WORK REQUEST → With the images removed, write out each record exactly as given.

RECORDS FOR THE EXERCISE →
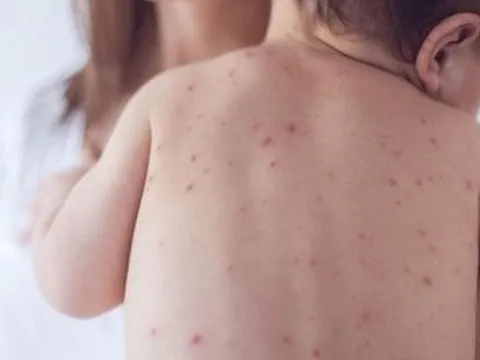 Đắk Lắk ghi nhận 2 ổ dịch thủy đậu mới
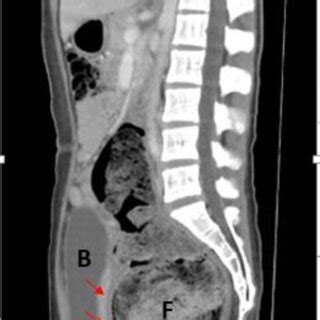 CT Scan Sagittal View Of The Abdomen And Pelvis Showing Megarectum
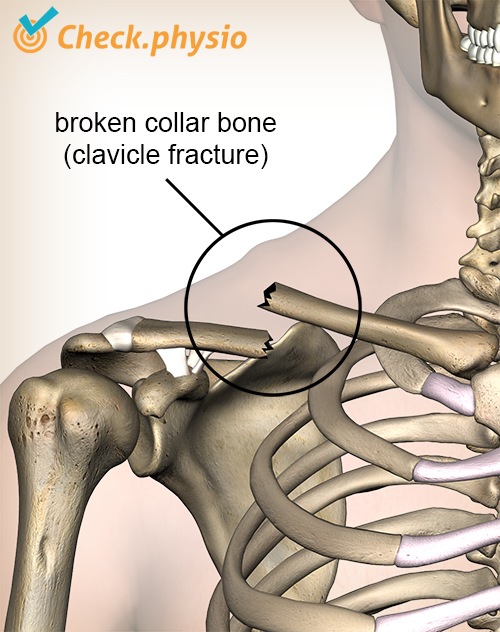 Schulter Klavikula Fraktur gebrochenes Schlüsselbeinbruch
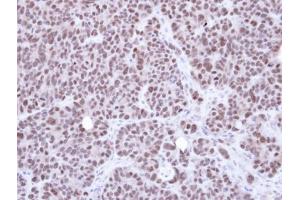 IHC-P Image Immunohistochemical analysis of paraffin-embedded SW480 xenograft, using NSMCE1, antibody at 1:500 dilution. (NSMCE1 antibody  (Center))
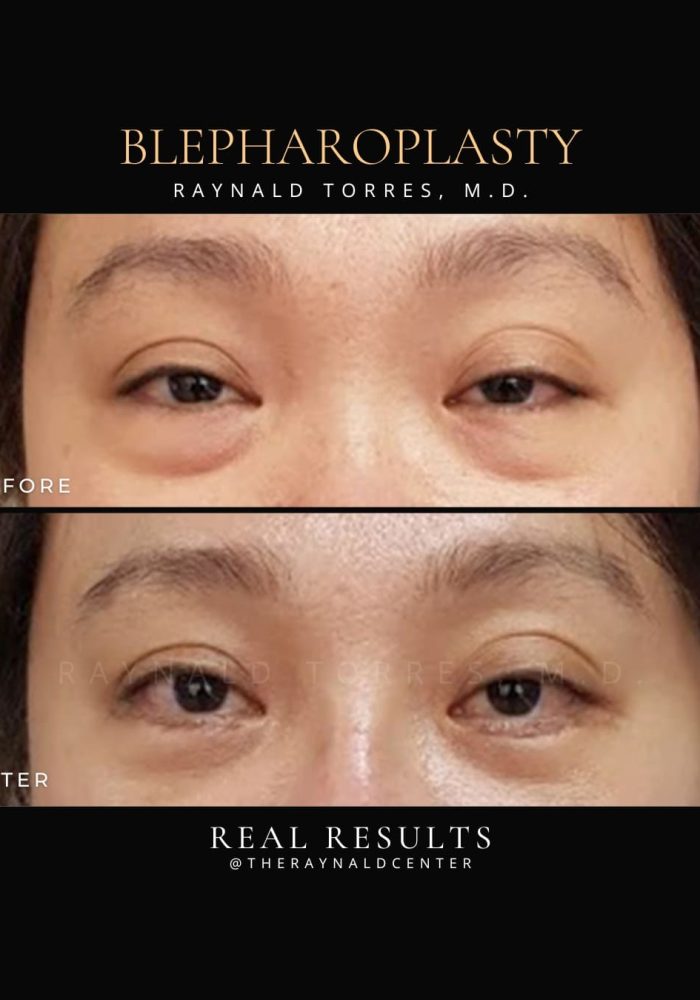 Blepharoplasty6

SOLUTION BELOW →
 Đắk Lắk ghi nhận 2 ổ dịch thủy đậu mới
 CT Scan Sagittal View Of The Abdomen And Pelvis Showing Megarectum
 Schulter Klavikula Fraktur gebrochenes Schlüsselbeinbruch
 IHC-P Image Immunohistochemical analysis of paraffin-embedded SW480 xenograft, using NSMCE1, antibody at 1:500 dilution. (NSMCE1 antibody  (Center))
 Blepharoplasty6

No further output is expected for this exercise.